Alors qu’il n’est pas encore président, le candidat socialiste se positionne sur la situation politique internationale. Pourtant, à l’époque, François Mitterrand précise dans les médias que l’objet de son voyage « n’entre pas dans le cadre de la diplomatie d’Etat à Etat » et qu’il ne l’effectue qu’en tant que « responsable du parti socialiste ». Mais son déplacement prend une ampleur particulière. Tous les médias le suivent pas à pas et retranscrivent chaque soir ses rencontres dans les journaux télévisés.

Pendant une semaine, à l’invitation du parti communiste chinois, il s’entretient des difficultés économiques de la Chine et de la situation politique internationale. Le candidat socialiste à l’élection présidentielle rencontre Li Xiannian, l’un des vice-présidents du parti communiste chinois : sa visite est clairement officialisée. François Mitterrand fait la une du « Quotidien du peuple » pendant toute la durée de son séjour et affine, par ce voyage, son image d’homme d’Etat.

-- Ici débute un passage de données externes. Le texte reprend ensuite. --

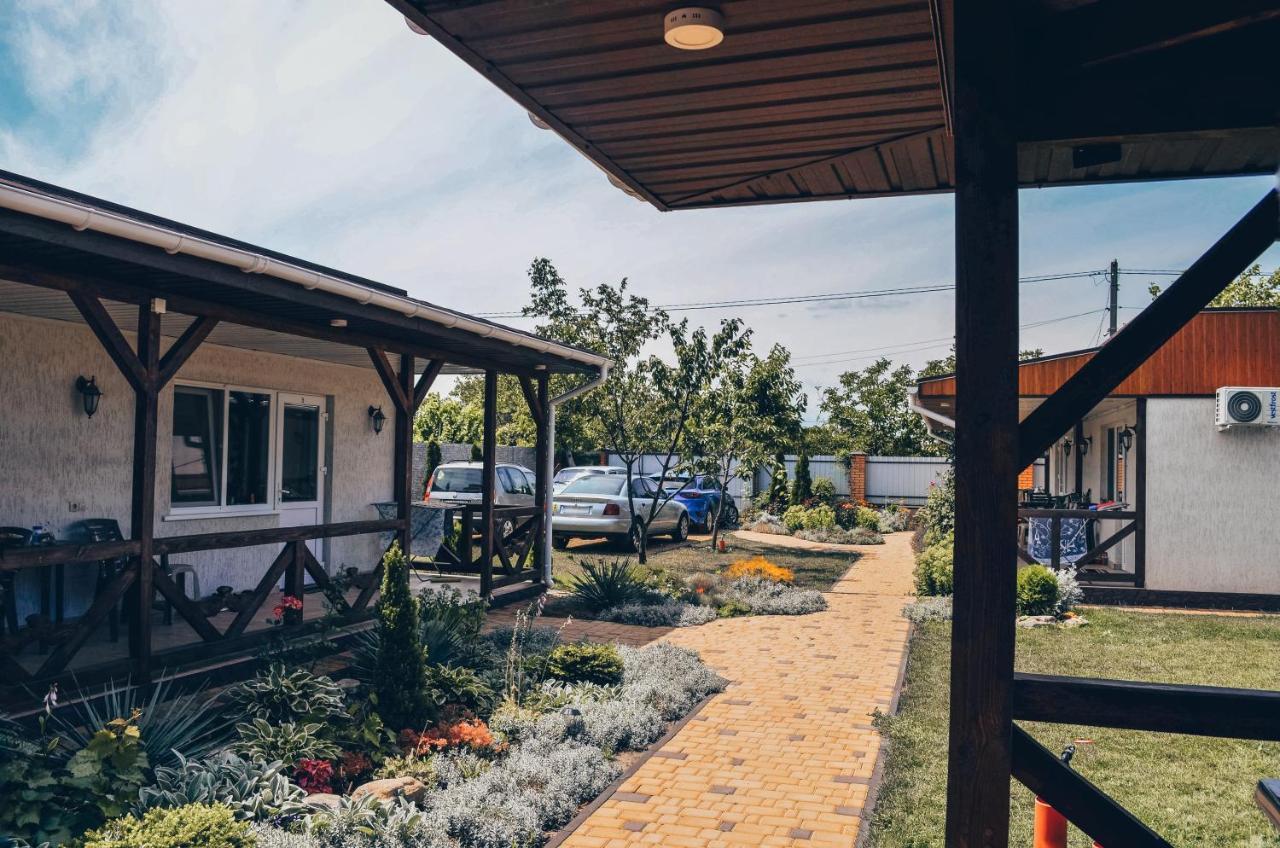 Hotel Три Кошки à TTchornomorsk Extérieur photo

Deux ans après son élection à la présidence de la République, François Mitterrand souhaite plus que jamais renforcer et élargir le champ des relations entre la France et la Chine.

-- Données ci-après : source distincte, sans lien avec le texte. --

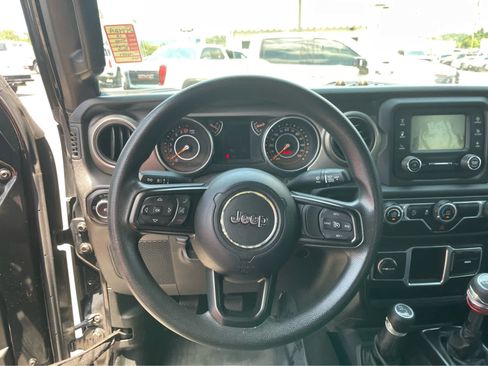Used 2018 Jeep Wrangler Unlimited Sport AWD/4WD image 14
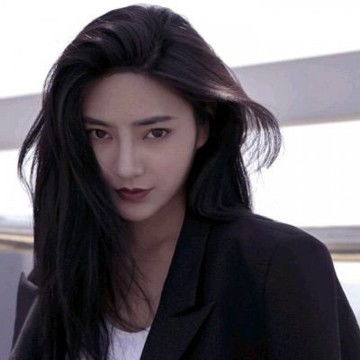 成熟自然真人头像女静静的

Il programme ainsi, en 1983, un second voyage en Chine. Sont évoquées lors de cette visite les tensions de la guerre froide et les relations de la Chine avec l’URSS. A cette époque, la Chine connaît un léger refroidissement avec les Etats-Unis et souhaite donc se rapprocher de l’Europe.

Un partenaire naturel

C’est l’occasion pour la France de faire fructifier le capital de compréhension mutuelle accumulé depuis presque dix années.
« Qu’un grand pays comme la Chine songe à diversifier ses amitiés et ses intérêts, c’est tout de même logique ; et puis la Chine est tout naturellement amenée à rechercher des concours qui échappent à ce qu’elle appelle elle-même –je lui laisse cette responsabilité-les deux hégémonismes », mentionnait le président lors d’une conférence de presse en 1983 avant de préciser que « la présence de l’Europe qui n’a pas de visée hégémonique et, qui n’a pas eu, en tout cas depuis longtemps, d’antagonisme avec la Chine, représente un partenaire naturel tout désigné ».

Le président français peut désormais prendre des décisions. Il signe des accords sur l’enseignement qui permettent d’intensifier les échanges d’étudiants étrangers dans les universités, les laboratoires et les instituts français. Il signe également des accords télévisuels qui financent des émissions en français sur les chaînes chinoises.

Les relations entre les deux pays sont au beau fixe. Les délégations chinoises défilent à l’Elysée pendant les années qui suivent. En juin 1986, novembre 1987 et septembre 1994, François Mitterrand reçoit à Paris les dirigeants chinois.

1992, la crise de Taï Wan

Chaque visite permet de réaffirmer les liens qui unissent les deux pays et de préparer certains accords. En 1985, après sept années de négociation, la France remporte, face à une lourde concurrence mondiale, un contrat de plusieurs milliards de dollars. Elle doit fournir à la Chine des réacteurs nucléaires.

Mais en 1992, les accords commerciaux militaires signés entre la France et Taiwan viennent brouiller de bonnes relations établies depuis presque trente ans. La vente des mirages et des frégates à Taiwan va mettre en péril l’entente franco-chinoise.

Pendant deux ans, François Mitterrand va essayer de renouer les liens qui unissaient les deux pays et, dès 1994, leurs relations connaissent un nouvel élan. La France et la Chine célèbrent cette année-là les trente ans de la reconnaissance de la Chine par la France et repartent sur de bonnes bases.

La France s’engage à ne plus livrer de Mirages à Taiwan et de nouvelles coopérations s’engagent dans les transports, les télécommunications et l’armement. Mais déjà, d’autres pays européens comme l’Allemagne empiètent sur les contrats potentiels et s’installent en Chine beaucoup plus rapidement et efficacement que les entreprises françaises.

[1Mitterrand (François), La Chine au défi, Julliard, Paris, 1961, p. 33.